On financial companies and stupid rules

I had a run-in recently with a major national bank. Although I suppose by “run in” I really mean that I complained and they ignored me. I’m still pretty ticked off about it, so you’ll have to forgive me if this becomes a rant.

Here’s what it was about: In Alaska there is a statute which says you can have a short version of your living trust called a “certification of trust,” and if there is not a specific reason why they need to see the whole trust, they must accept the certification. That is a nice convenience, since the certification is about two pages and the trust declaration is invariably going to be a lot longer. It also helps to preserve your privacy. You don’t necessarily want all these junior bankers to see the part of the trust that talks about your alcoholic granddaughter or the kid you’re disinheriting because he’s in prison.

So when I do a trust, I always do a certification to go with it. And if it is a married couple who are doing this as a joint trust, I have both sign the certification, and I notarize it.

Which has worked fine for years. Until recently a certain bank—I don’t want to identify them so let’s call them Western Financial, and say they have a stagecoach as part of their logo—decided that if there are two people signing the certification, there must be two separate notary stamps. In other words, I can’t have a husband and wife sign, and then I notarize both of them together.

Their new policy makes no sense whatsoever. Every other bank, credit union, brokerage, and insurance company had been willing to accept one stamp for both names. That included, up until now, Wells—oops, Western Financial—until all of a sudden it didn’t.

I spent some time on the telephone. Nobody there could give me a reason, they just said it was a new company policy. I finally threw up my hands and changed my documents to make it two separate stamps for each certification.

But it got me to thinking about all the other little quirks that some of the financial institutions have. There is one national brokerage which won’t let clients designate pay on death beneficiaries on joint accounts. Why? They can’t seem to tell me. The only person at the company I could get to talk to me, suggested that when one of the couple died, the survivor could then designate a beneficiary, because it would now be a single account. As if couples never die together or one dies but the other is incompetent.

Here’s one that really gets under my skin. Let’s say you have a savings account and quite a bit of cash in it, so you decide to take some of that cash and buy a CD (not a CD you listen to music on, a certificate of deposit). And let us say that when you set up the savings account, you carefully designated your children as the POD (payment on death) beneficiaries on the account.

Will that POD designation apply to the CD as well? Or do you have to do a new designation specifically for that CD? Guess what, it depends on the company. Some of them say that if you have beneficiaries designated on the underlying account, that will apply to all CDs as well. But others want you to designate beneficiaries on each specific CD. You have to make sure that any time you purchase a CD out of one of your accounts, you ask the bank or credit union whether your POD designation will apply.

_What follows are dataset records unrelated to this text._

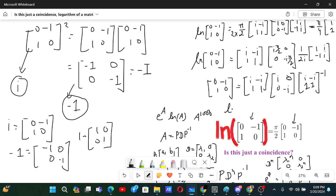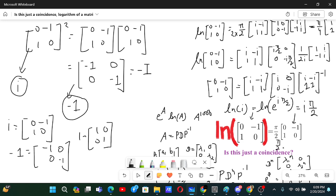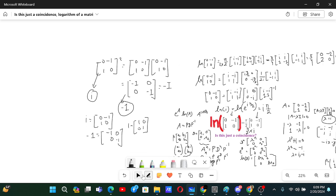So if we are taking ln of [0,-1;1,0], and this matrix corresponds to i, we know that the principal value of ln(i) is i·pi/2. So we immediately know the answer should be pi/2 times the i-matrix, which is pi/2 times [0,-1;1,0]. This was not a coincidence. Most things in mathematics are not a coincidence — you just need a broader knowledge of the field to understand what's going on.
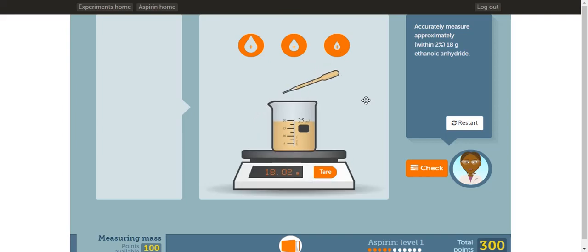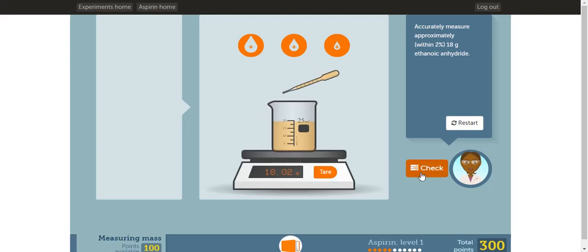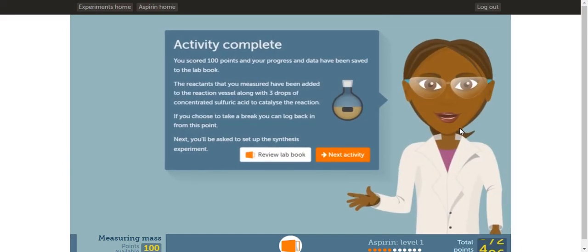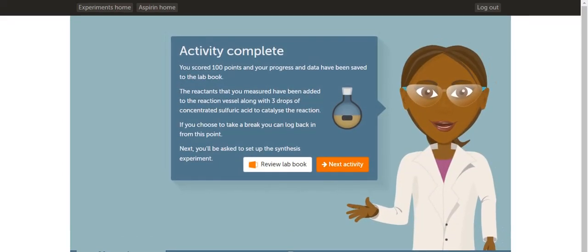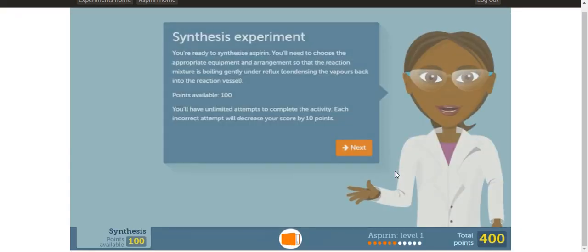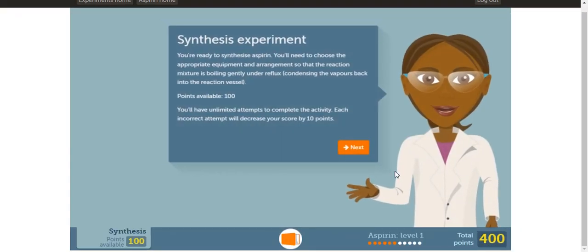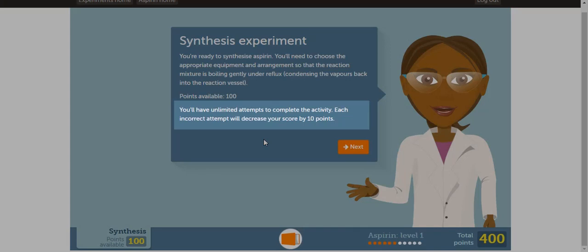Once you have about 18 grams, click check. Now that we measured the masses of the two reactants, we can now set up the reaction. Once you're ready, click next activity. Keep in mind if you make a mistake, your score will decrease by 10 points.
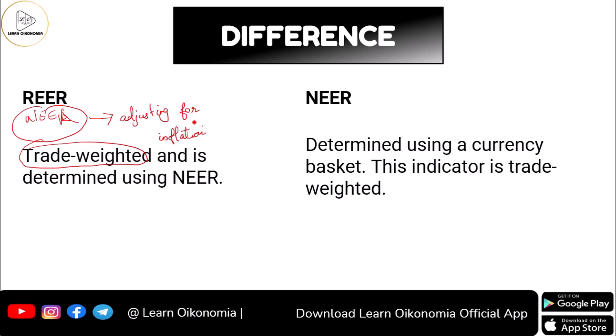You can determine the nominal effective exchange rate using a currency basket. This is also trade-weighted. For example, a basket of currencies could include the US dollar, Japanese yen, Chinese yuan, and UK pound.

Speaking of banks and credit unions, if you have a living trust and want to put your account in the trust, some of them will let you do that and you can keep the same account number you had before (assuming this is a revocable living trust). But others will make you get a new account number, which would mean throwing out your checks and changing your direct deposits, automated bill pay, and so forth. Fortunately, there’s a work-around (make the trust the POD on the account instead) but why complicate things? Obviously, it’s not a requirement that there be a new account number, or all of them would insist on that. And not all of them do.

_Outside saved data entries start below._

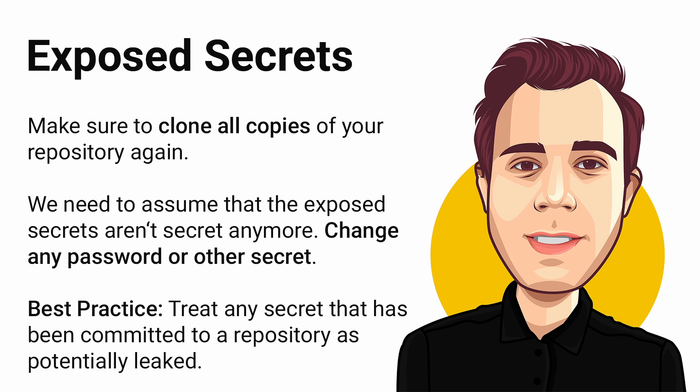In general, I would treat any secret information that has been committed to a repository as potentially leaked and I suggest changing those secrets immediately after fixing the repository using the method shown in this video.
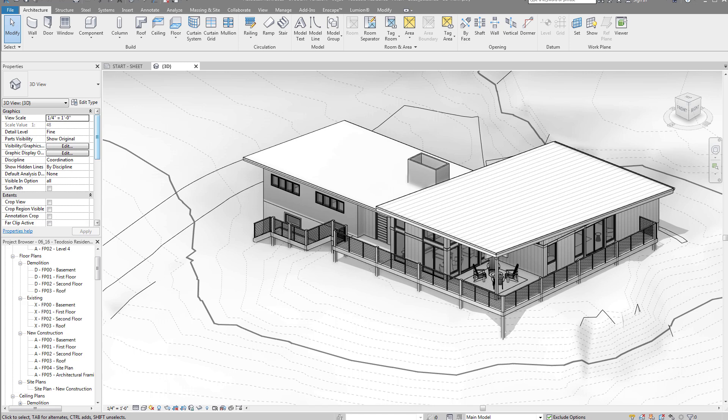Hey everybody, welcome to TheRevitKid.com. Today is a quick and simple tutorial. I've gotten a lot of emails and questions about how to do this over the years, so it's about time I finally show you how to do it. What we're going to do today is align a Revit camera view with a photograph and show you my method of doing this.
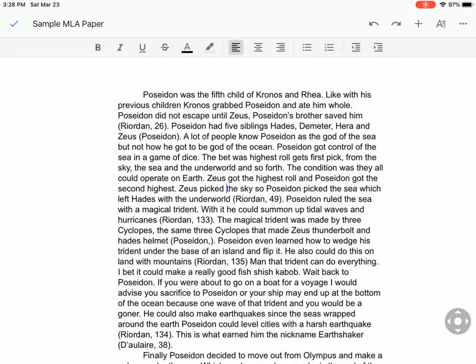Hello. We're here to show you today how to format your MLA research paper properly, and it's going to be pretty quick. We use the iPad, which makes it a little kind of hinky sometimes because it's not intuitive, I think, as it would be on a full keyboard and a full computer. But let's give it a shot.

Or this one: there is a national company, let’s call them—oh heck, I’m done being cute, it’s ComputerShare—where the trustee or executor must submit a bunch of paperwork for each stock you’re holding. Not one bunch of paperwork for all of them, separate paperwork for each and every different stock you have with them. Some require notary stamps; some require medallion signatures that have to be done at the bank. What a headache.

There’s not really a moral to this story—I just wanted to rant. Well, OK, maybe there is a moral. Make sure you know what each company where you park your money with requires. Most people have multiple financial institutions they deal with. Don’t just assume that what works at one of them will work at the others.

Kenneth Kirk is an Anchorage estate planning attorney. Nothing in this article should be taken as legal advice for a specific situation; for specific advice you should consult a professional who can take all the facts into account. Thank you for letting me get that off my chest; I feel better now.